Das ist nicht das Einzige, was vom Original abweicht. Christian Schidlowsky hat die immer wieder lastende Schwermut dieser Komödie aufgebrochen, indem er sie in den Karneval verlegte, wo schon der ewig fließende Alkohol die Situationen spontan gestattete, die Shakespeare noch herbeischreiben musste - eine echte Einladung an die Phantasie von Kostümbildnerin Jutta Reinhard. Dass Sir Tobias als Ballettratte verkleidet war und trotzdem Mann blieb, war ein interessanter Kontrapunkt zu Viola/Cesario.

Von der Hauptstadt zur Kneipe

Und die Handlung spielt nicht in der Hauptstadt von Illyrien, sondern in einer Kneipe dieses Namens. Dass man auf dieser kleinen, vollkommen verrümpelten Bühne (Andreas Wagner) mit einem Keyboardtresen und einem Plumpsklo-Häusl (warum nur hat der Vorhang kein Herz?) im Zentrum überhaupt temporeich spielen kann, ist ein Wunder.

Und entsprechend der Umgebung ist Orsino (Benjamin Jorns) nicht der seriöse Graf, sondern ein melanchoholischer Faschingsprinz, der nur an Olivia denkt, wenn er mal kurz aus seinem Rausch aufwacht. Die wiederum (Susanne Pfeiffer), hat zwar aus Trauer um ihren Bruder der Welt entsagt, sitzt aber mittendrin - als grimmige Chefin des Hauses.
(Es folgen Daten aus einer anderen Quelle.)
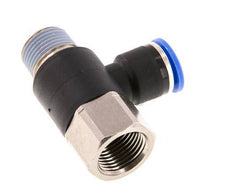 Racor de 10mm x R3/8'' con rosca macho-hembra Latón/PA 66 NBR Giratorio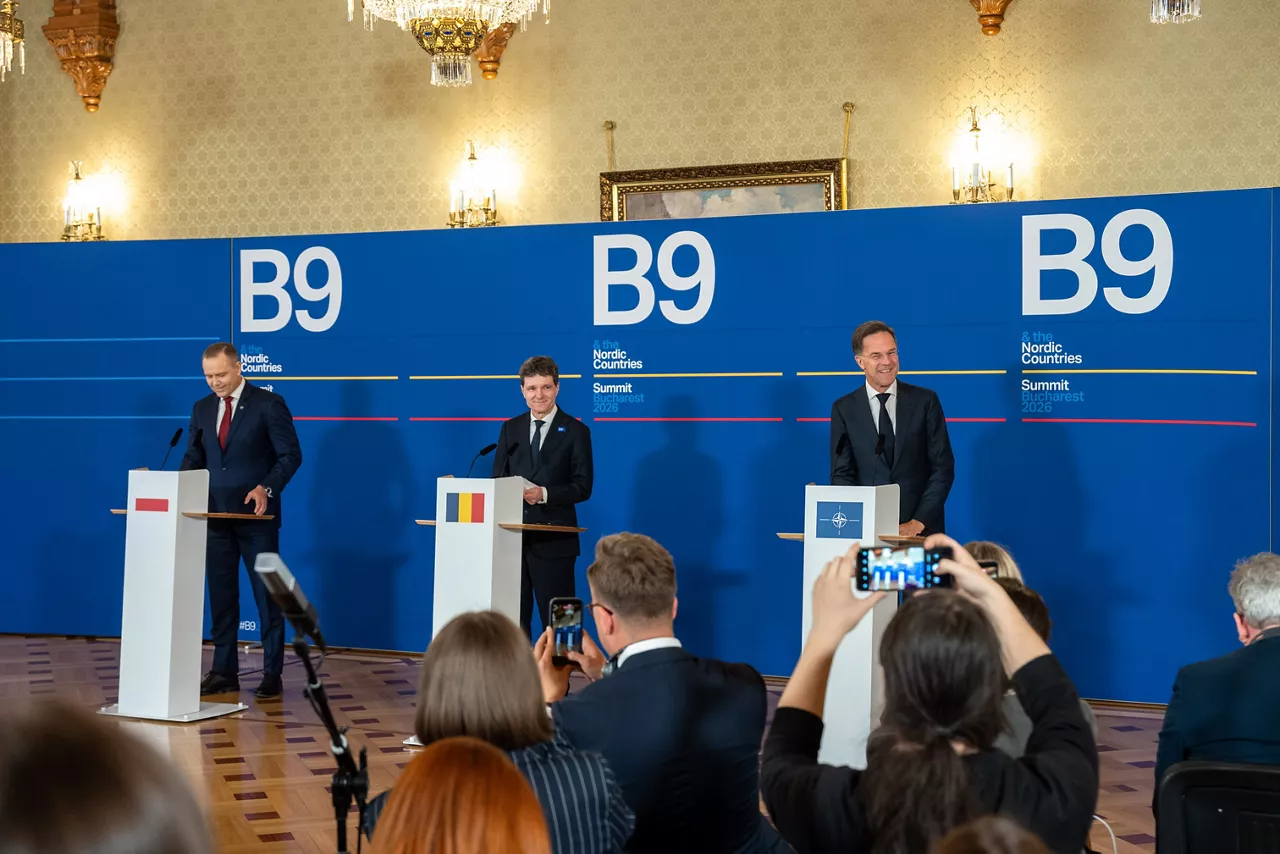 Joint press statements by the NATO Secretary General Mark Rutte with Nicușor Dan, President of Romania and Karol Nawrocki, President of Poland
Wie sie sich zur glühenden, verbissenen Möchtegernbraut Cesarios wandelt, das ist schon klasse gespielt.

Verkrachte Gestalten

Um diese beiden verhauenen Leuchten der Gesellschaft gruppieren sich die anderen verkrachten Gestalten: der penetrante, immer betrunken durch die Szenerie stolpernde Sir Tobias (Georg Schmiechen), sein Freund Ändy Ängste haas (Michael Schaller), der seinem Namen alle Ehre macht und als schwarzer Ritter nur seinem übergroßen Schatten - und Olivia - hinterherläuft; die Zofe Maria (Sandra Lava), die zu jeder Schandtat bereit ist, wenn sie nur ihren Spaß hat; der rotnasige Narr Feste (Ingo Pfeiffer), der seine Hauptbestimmung darin sieht, Gläser nachzufüllen); der Hausmeister Malvolio (Marc Marchand), der selbsternannte Kleinkönig, der für seine Eitelkeit und seine Liebe zu seiner Chefin so heftig büßen muss.
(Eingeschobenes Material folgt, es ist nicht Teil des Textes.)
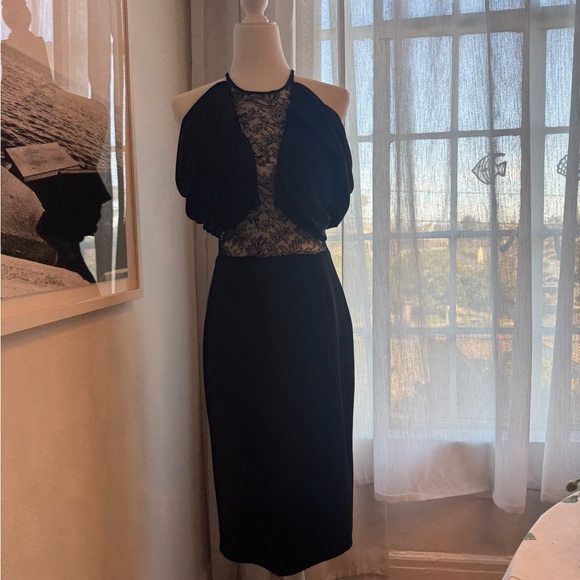 Fabulous Cushnie Et Ochs Black Silk Dress With Lace - Picture 2 of 6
Und Viola/Cesario? Silvia Steger spielt diese Doppelrolle außerordentlich hintergründig, weiß manchmal selber nicht mehr, ob sie Mann oder Frau ist, muss sich immer wieder zur Ordnung rufen und sich behaupten und bringt einen erstaunlich tragfähigen Ernst in den ganzen enthemmten Trubel. Sie gibt dem Ganzen trotz ihrer Irritationen gewisse Erdung.